Debütspielfilmpreis 2022
Den store stilhed / The Great Silence
Spielfilme, Dänemark 2022, 95 Min., dän. OF, engl. UT
Alma bereitet sich auf ihr Gelübde vor, das Leben im Kloster scheint der jungen Frau Rückhalt zu geben. Zärtlich kümmert sie sich um eine todkranke Nonne, nimmt aufmerksam die Anrufe auf dem Seelsorgetelefon des Ordens entgegen. Manchmal jedoch verfinstern sich ihre Gesichtszüge, auf ihren Schultern scheint eine Last zu liegen. Alma fügt sich selbst Verletzungen zu. Plötzlich steht ihr älterer Bruder, ein trockener Alkoholiker, vor der Klostertür und damit auch eine verdrängte Familiengeschichte. Welches Geheimnis verbindet Bruder und Schwester? Warum fühlt sich Alma manchmal verfolgt? Was sieht sie, was wir nicht sehen, wenn sie sich durch die dunklen Gänge des Klosters bewegt? Gekonnt spielt Katrine Brocks in ihrem Regiedebüt mit Elementen des Psychothrillers. Mysteriöse Klänge, seltsame Geräusche und Lichteffekte laden Szenen spannungsvoll auf. Mit aller Macht drängt auch auf der visuellen Ebene eine unausgesprochene Schuld ans Tageslicht.
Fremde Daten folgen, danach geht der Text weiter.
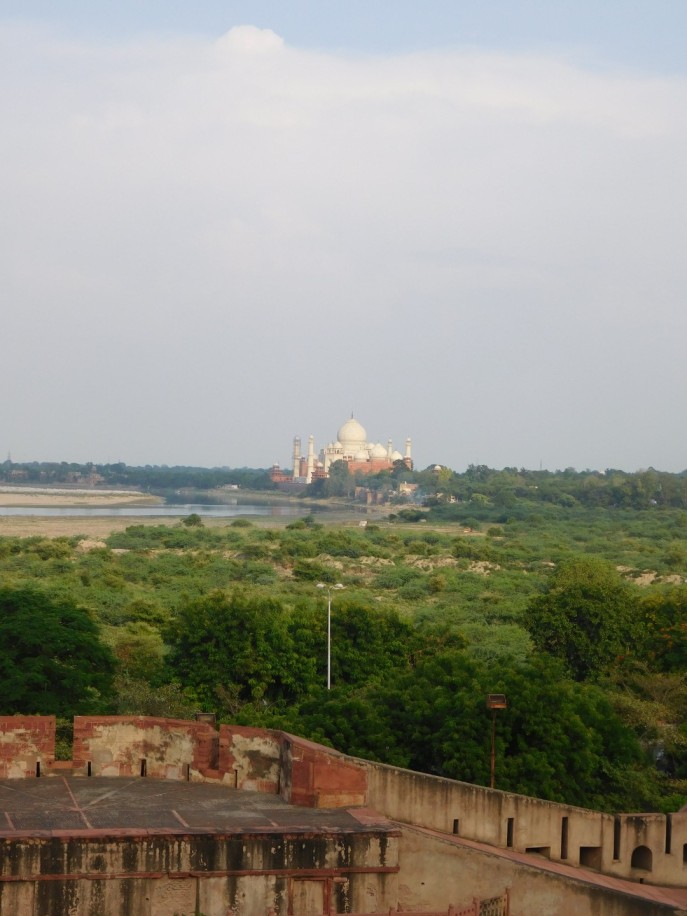The view of the Taj in the distance.
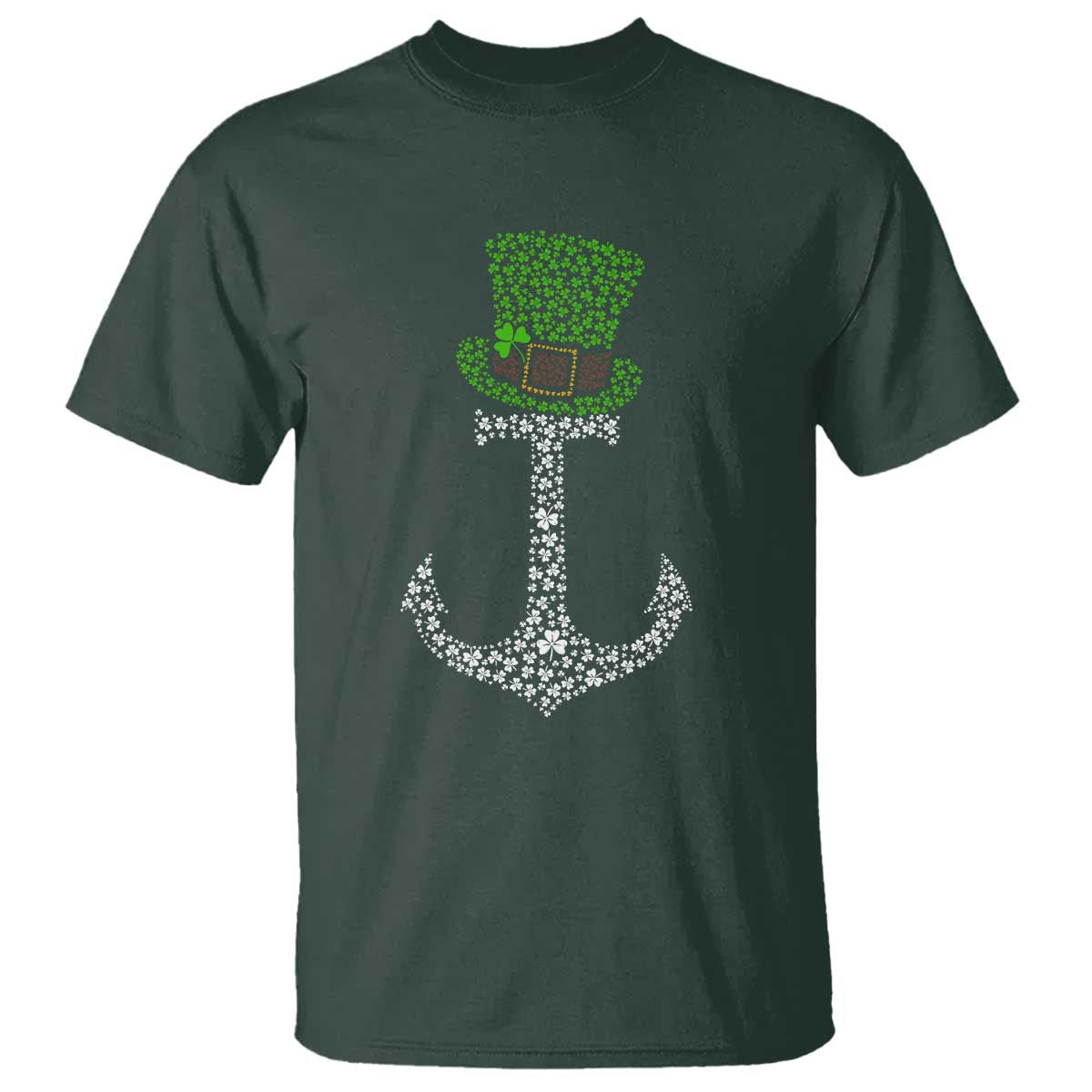 Lucky Shamrock Anchor T Shirt Leprechaun Cruise Squad St. Patrick's Day TS02 Dark Forest Green Print Your Wear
Regie Katrine Brocks +++ Drehbuch Marianne Lentz, Katrine Brocks +++ Produzent:innen Pernille Tornøe
Produktionsfirma: Monolit Film, Slagtehusgade 20, 1. floor, DK-1715 Kopenhagen V, Web: www.monolitfilm.dk
Weltvertrieb: TrustNordisk ApS, Filmbyen 12, 2650 Hvidovre, Mail: info@trustnordisk.com, Web: www.trustnordisk.com
Festivalkontakt: Danish Film Institute, Gothersgade 55, 1123 Kopenhagen K, Mail: dfi@dfi.dk, Web: www.dfi.dk
Cast: Kristine Kujath Thorp (Schwester Alma), Elliott Crosset Hove (Erik), Karen-Lise Mynster (Miriam), Diém Camille Gbogou (Martha), Petrine Agger (Dorothea), Bodil Lassen (Elisabeth)
Debütspielfilmpreis 2023
Å Øve / Practice
Spielfilme, Norwegen / Deutschland 2023, 79 Min., norw. OF, engl./dt. UT, SDH
„Nein“, brüllt Trine ins Telefon. Zum Probespiel beim Orchester der Osloer Oper wird sie nicht fliegen, sondern trampen. Und schon steht die 18-jährige Umweltaktivistin und Trompeterin im knallgelben Regenmantel am Straßenrand. Fünf Tage bleiben ihr, um von den Lofoten in die Hauptstadt zu gelangen. Laurens Pérols Spielfilmdebüt ist ein Roadmovie in doppelter Hinsicht: eine Reise gegen die Uhr und die Reise einer jungen Frau zu sich selbst, mit der Musik von Astor Piazzolla. Trine trifft gleichgesinnte Menschen, muss aber auch manch heftige Diskussion in Sachen Klimakatastrophe führen. In Kirchen, Kuhställen und Turnhallen macht sie ihre Atemübungen und packt die Trompete aus. Mit jedem Kilometer, den Trine zurücklegt, versteht sie sich selbst und ihre Sicht auf die Welt besser. Sie muss nichts erklären, wir sehen und hören, dass sich bei ihr etwas bewegt. Auch ihr Trompetenspiel wird sich verändern.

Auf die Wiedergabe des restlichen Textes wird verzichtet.